There’s a lot of talk around the indie film community about “finding your own voice”.  I’m not totally sure what that means.  I’ve been making films since I was 12 and still don’t think I’ve ever found my voice.  There are certain things that excite me as a filmmaker and a few tools that I continually use to tell stories a specific way, but other than in my writing I don’t think I have a specific style that’s only unique to me.  What I do have, however, are a ton of filmmakers and movies I look to for inspiration time and time again.

There are many artists who view the world in such an interesting way, that it’s impossible for their art to not reflect their point of view. Filmmakers like David Lynch and Wes Anderson seem to fit this bill.  Watching their movies feels like stepping into their brains and seeing the world from a totally different perspective.  It creates a sense of wonder in the world they’ve crafted for the screen while being entirely authentic to their artistic sensibilities.  There are other filmmakers (Quentin Tarantino and Edgar Wright, for example) that have built a career and a visual language from the movies and works of art they love.  They’re students of cinema that are able to translate what they enjoy about a certain film into their own style.  It’s not as easy as ripping off a shot or referencing a line of dialogue.  You have to understand the film from every aspect before you can apply the tools to your own work.  The difference also lies in the volume of art they “copy”. 

I’m not trying to say that you don’t need to have an artistic expression in your movies.  Your art should be personal to you and the way you present your art should reflect that.  BUT!  It’s silly to expect yourself to have some completely original way in which you tell your story.  What I’m suggesting is that you steal from every film you’ve ever seen and loved.  Rip off a shot from Goodfellas, take a line from Chinatown, light a scene like the Godfather, do whatever you want!  Don’t be afraid to have inspirations and for those inspirations to show up in your art because inevitably they won’t look or feel very much like the source you ripped off and now you’ve created something different and interesting! 

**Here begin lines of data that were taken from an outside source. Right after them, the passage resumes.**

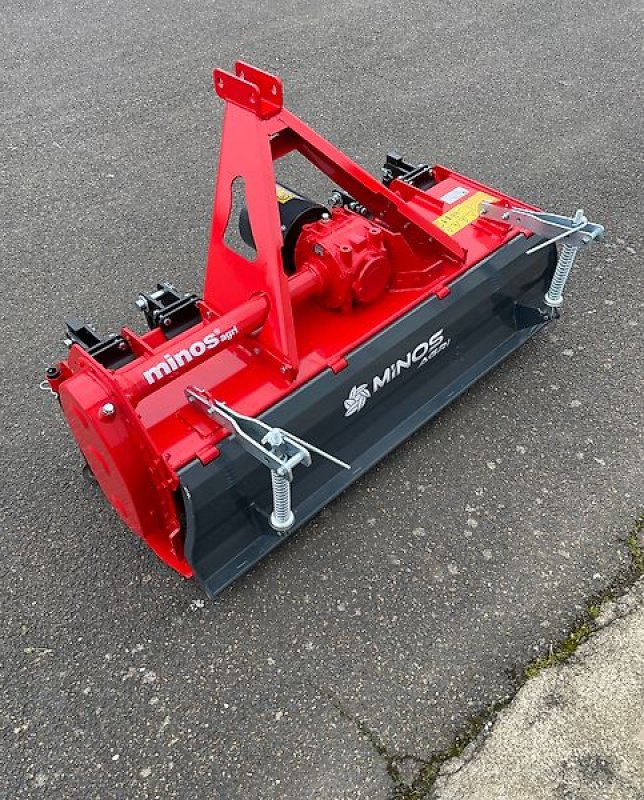 Bodenfräse des Typs Minos Agri Bodenfräse T-SR-1600, Neumaschine in Münstermaifeld (Bild 4)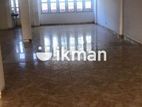 1850 Sqft Main Road Facing 3rd Floor Rent in Colombo 04 MRRR-A1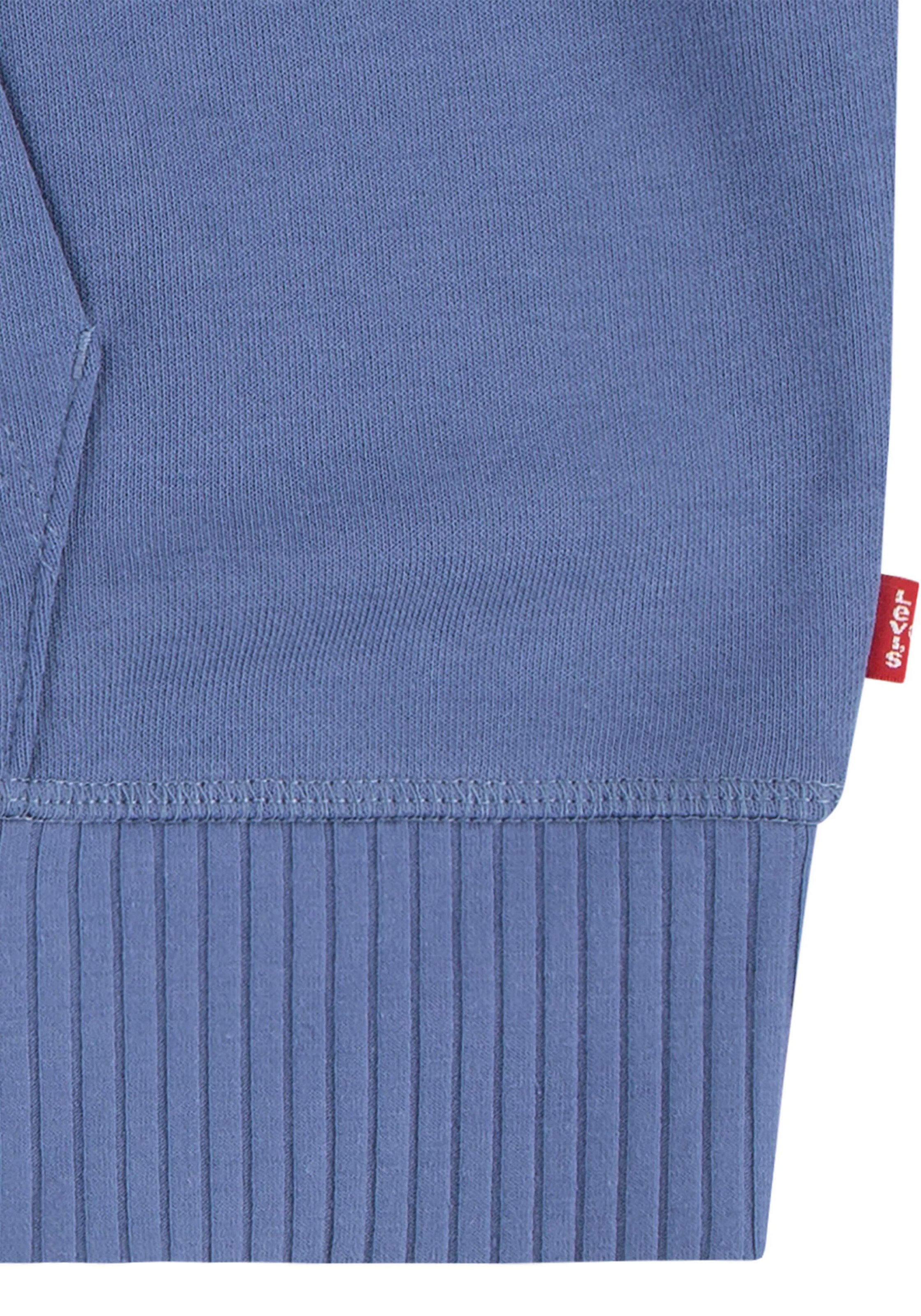 LEVI'S ® Sweatshirt in Blau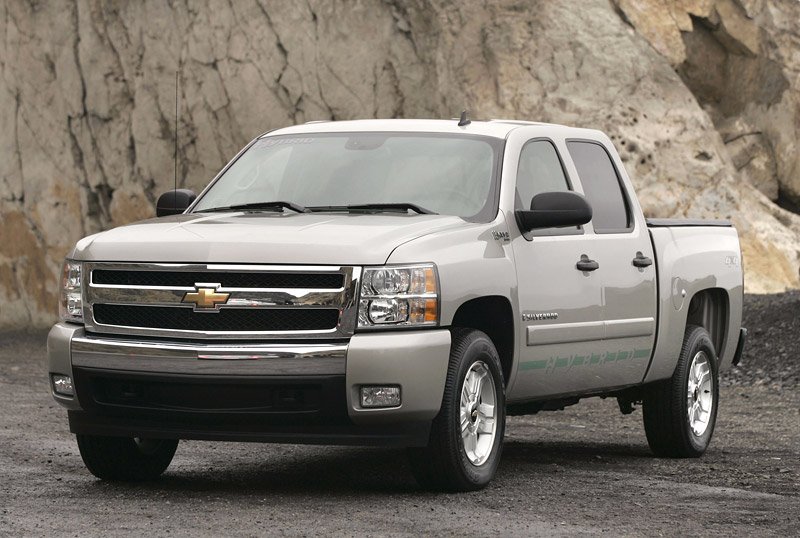 Chevrolet Silverado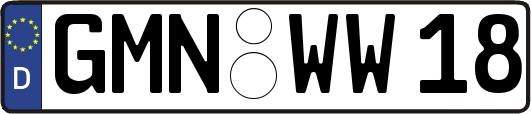 GMN-WW18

This shot from Cobblestoned 3 was inspired by a panel from one of my favorite comics, Calvin and Hobbes.  It helps that Reese is half the size of Erick…

This shot from Cobblestoned 3 was inspired by a panel from one of my favorite comics, Calvin and Hobbes. It helps that Reese is half the size of Erick…

A lot of notes on this blog aren’t meant to be taken seriously, and this one may feel like that, but it’s for real.  It’s okay to not know how to say what you’re feeling.  You probably got into movies because someone else was able to explain your feelings better than you were.  And while I’m kind of joking about stealing direct images from your favorite movies… mostly I’m not.  You should take what you like, but put your own twist on it.  Your shot won’t look like Scorsese’s.  Your line won’t sound like Robert Towne’s.  Your lighting won’t feel like Gordon Willis’.  But you’ll learn why those masters made the decisions they made.  You’ll gain a fundamental understanding of how that specific shot or lighting setup works and the next time you make something, you’ll use it to your advantage in a totally new way. 

Just make sure you aren’t focusing all of your theft on one film or filmmaker.  My series, Cobblestoned, is heavily inspired by the works of David Lynch (primarily Twin Peaks), but I gather a lot of ideas and inspiration from other shows and movies as well like The X-Files, The Evil Dead, and Bojack Horseman.  Figure out what you love and lean into it.  Don’t worry about being completely original, especially early on in your filmmaking career, because you probably don’t have enough life experience anyway.  Spend those early years experimenting with tools developed by the people you admire.  Become a craftsman and apply those tools however you wish.  But I guess I should probably mention that I’m not an authority on this and that our Dashing Agent lawyers strongly recommend not listening to anything I say.